-- Task to complete --
Starting from the line with "Sandhu's D3K2 unflavored drops in a dropper." and going up to and including the line with "OX KNIGHT-Couverture de", copy the listing below exactly. Leave all images out.

-- Source information --

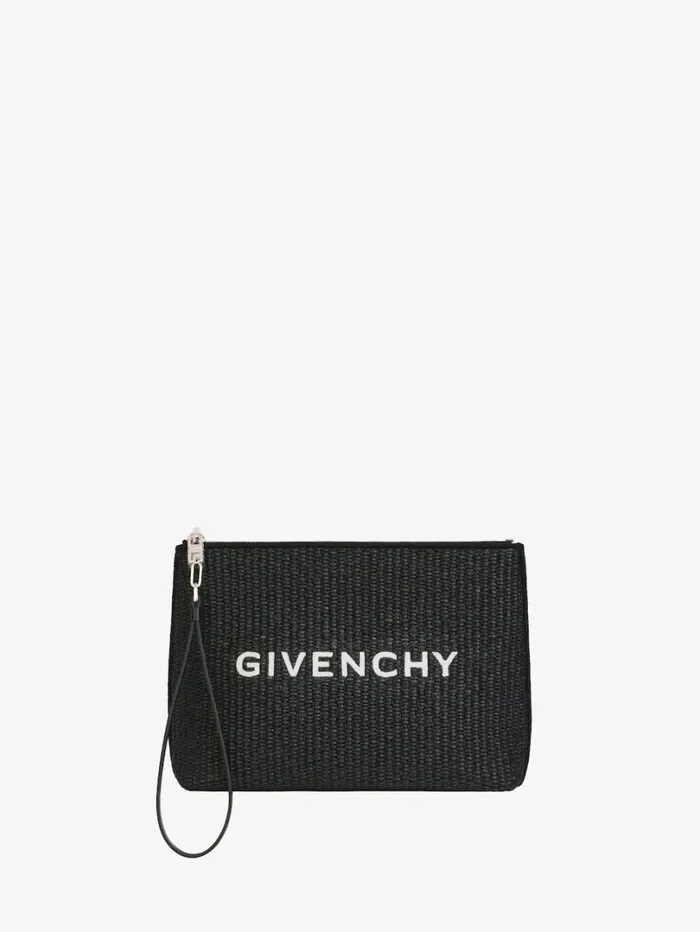 Givenchy GIVENCHY Travel Pouch In Raffia Black Women Wallets and Card Holders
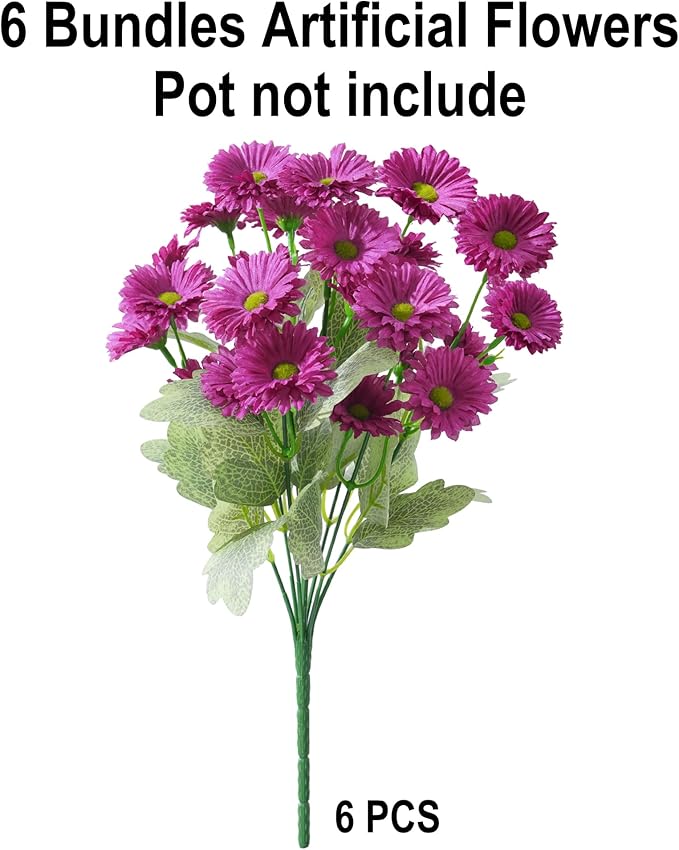HyeFlora Artificial Flowers for Outdoors Spring Summer Outside Decor, 6 Bundles Fake Daisy Wild Silk Flowers UV Resistant Outdoor Faux Plants for Planter Front Door Porch Balcony Yard, Fuchsia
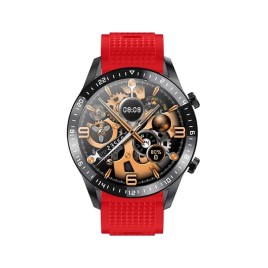 DAS4 smartwatch SL13, μαύρη κάσα και κόκκινο χρώμα λουράκι σιλικόνης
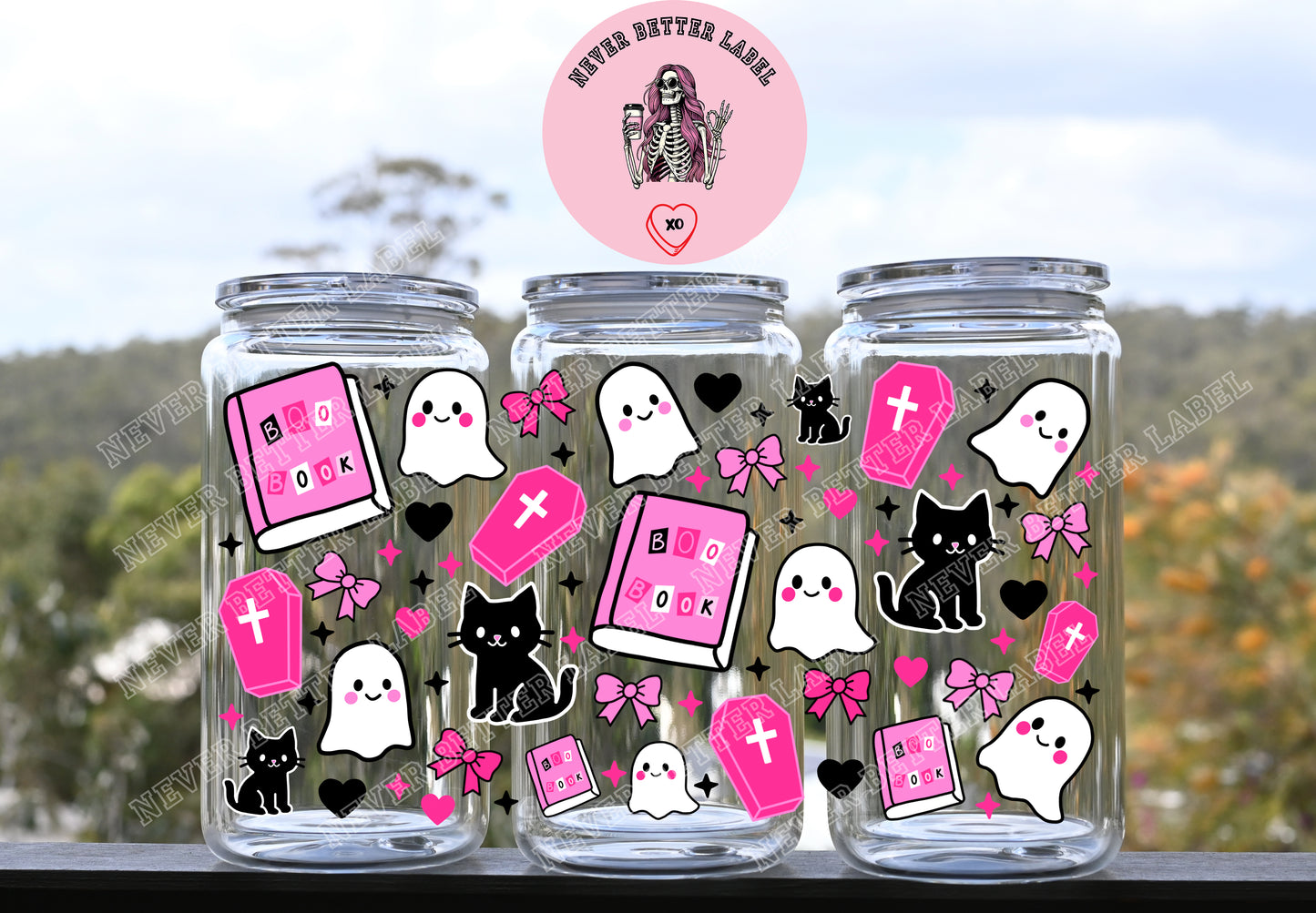 Pink Black Ghost Wrapped Glitter Filled Tumbler with Lid and Straw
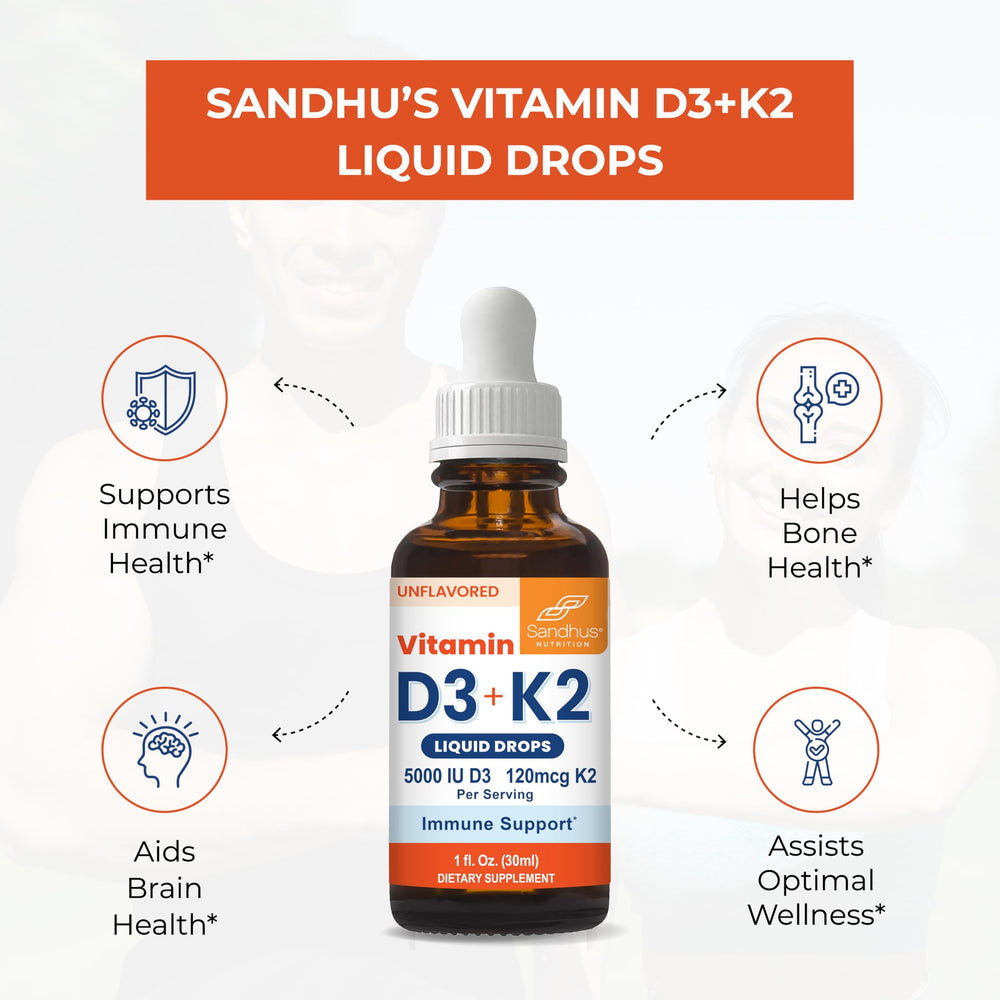 Sandhu's D3K2 unflavored drops in a dropper.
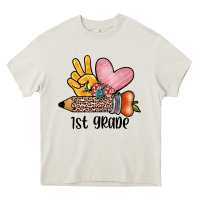 Cream peace love 1st grade Heavy Core Tee - JahusDesignShop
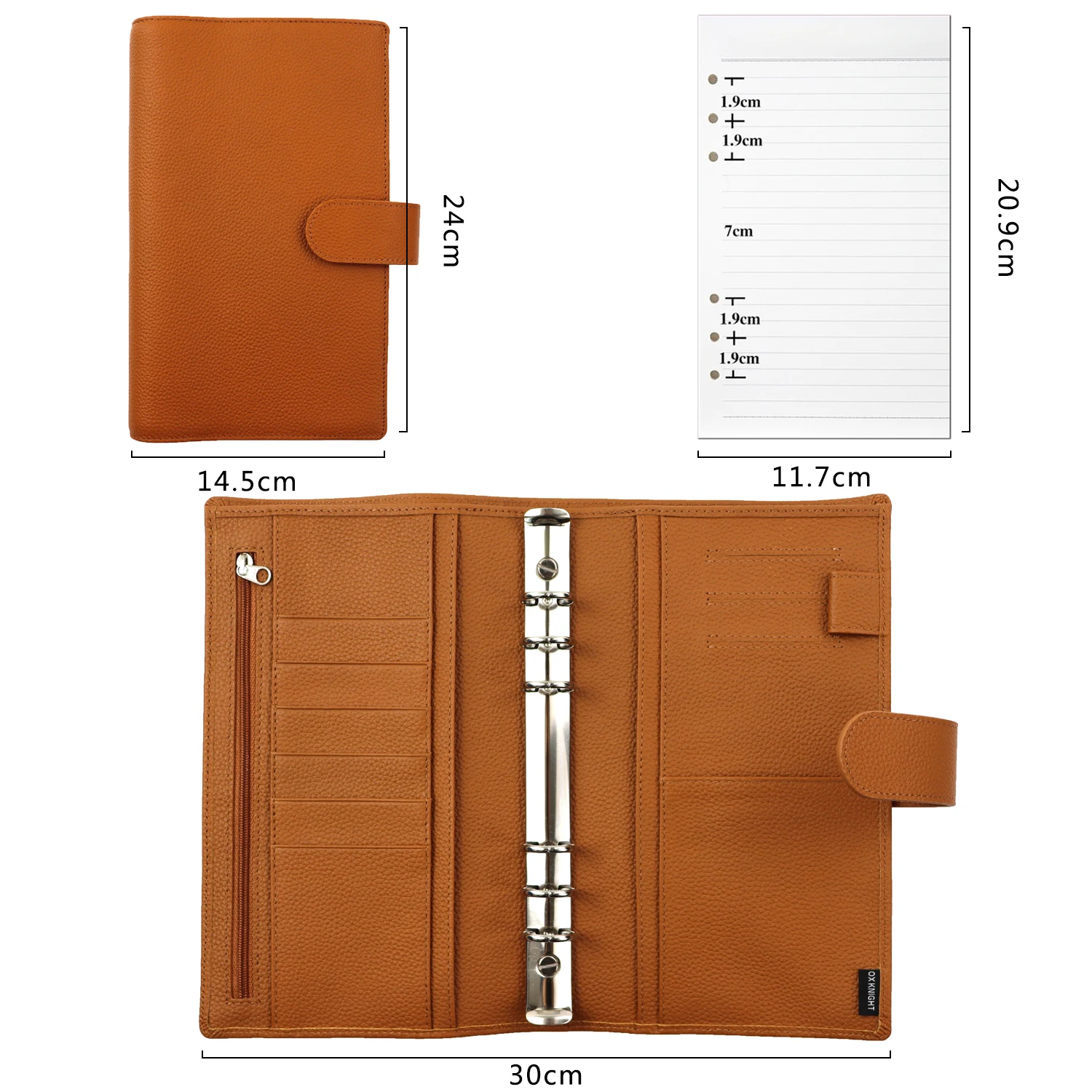 OX KNIGHT-Couverture de licence pour carnet de notes A5, carnet de notes en cuir de mars à galets, classeur, compagnon de voyage, évaluation
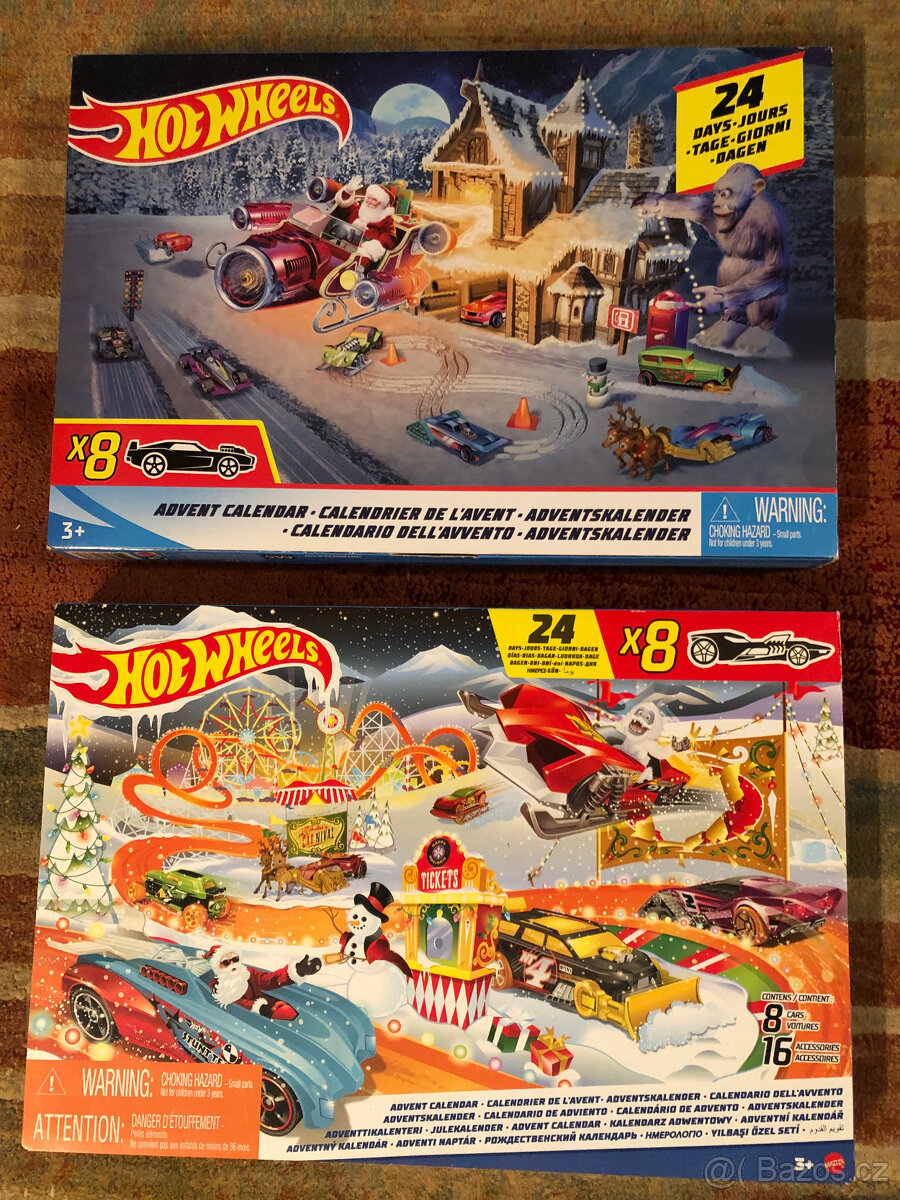 Hot Wheels - Adventní kalendář 2ks autíčka a příslušenství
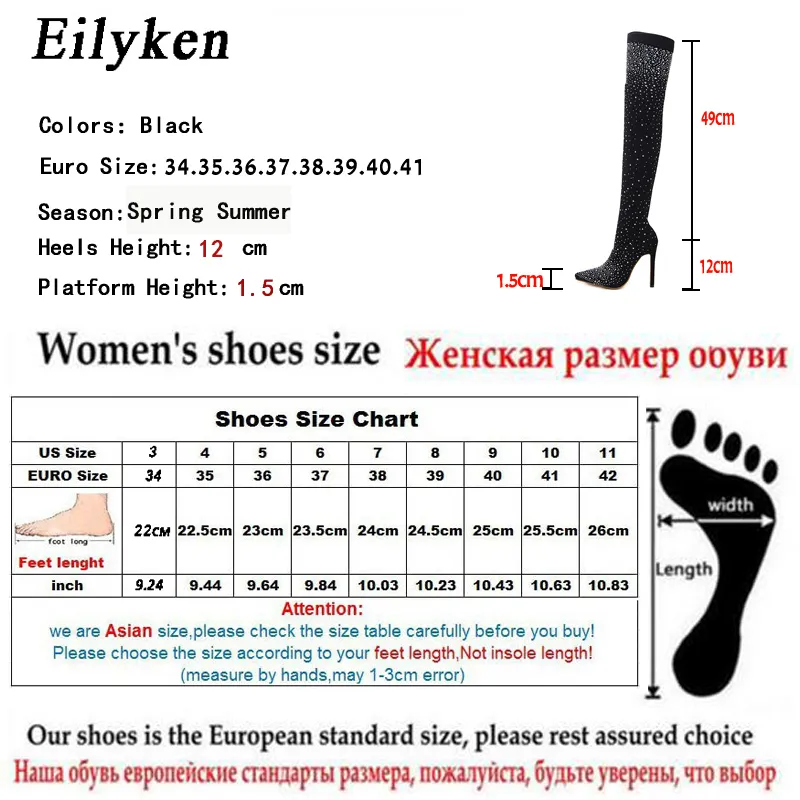 Eilyken moda pisti kristal streç kumaş çorap botları sivri ayak parmağı üzerinde topuk uyluk yüksek sivri kadın boot 220813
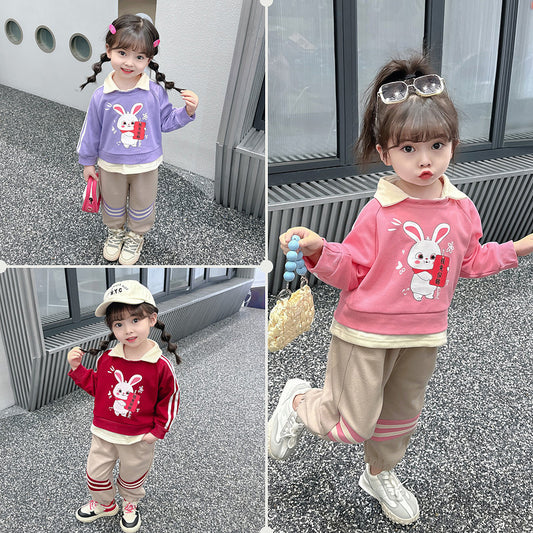 SSN040924-6 طقم بناتي قطعتين قطن خريفي ربيعي دافي ( بلوزة + بنطلون)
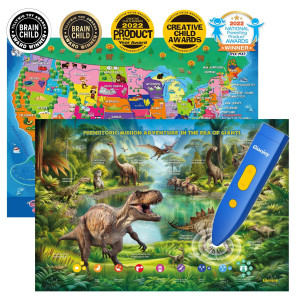 Bilingual Interactive For Kids Talking Usa Map Dinosaur Poster For Kids Learning And Educational Toys Talking Educational Dinosa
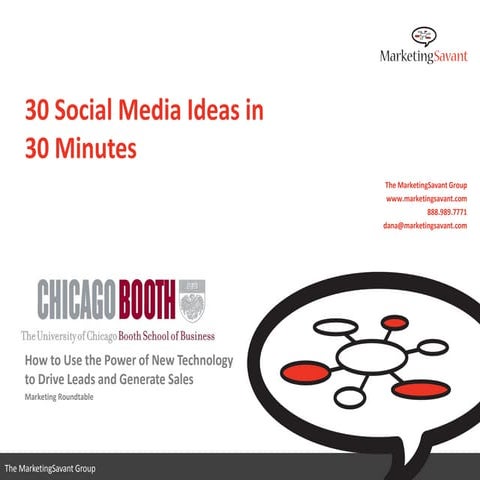 30 Social Media Ideas in 30 Minutes - Delivered at Chicago Booth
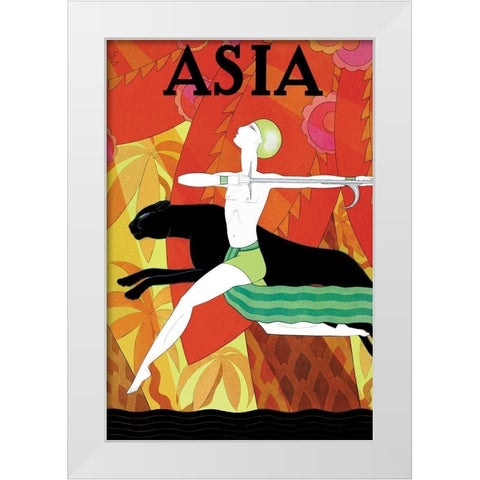 Mowgli and the Black Panther with Title, 1926 White Modern Wood Framed Art Print by McIntosh, Frank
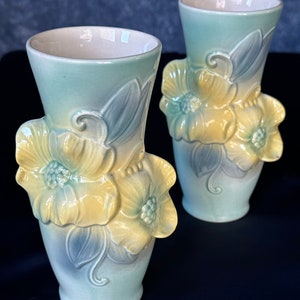 Blue and Yellow ‘Flowers & Leaves’ Vases - Set of Two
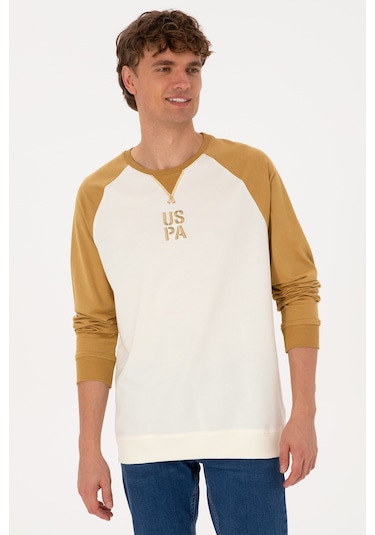 U.S. Polo Assn. Erkek Bisiklet Yaka Regular Fit Haki İnce Sweatshirt 50315420-VR151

-- Reply to the task --
 Sandhu's D3K2 unflavored drops in a dropper.
 Cream peace love 1st grade Heavy Core Tee - JahusDesignShop
 OX KNIGHT-Couverture de licence pour carnet de notes A5, carnet de notes en cuir de mars à galets, classeur, compagnon de voyage, évaluation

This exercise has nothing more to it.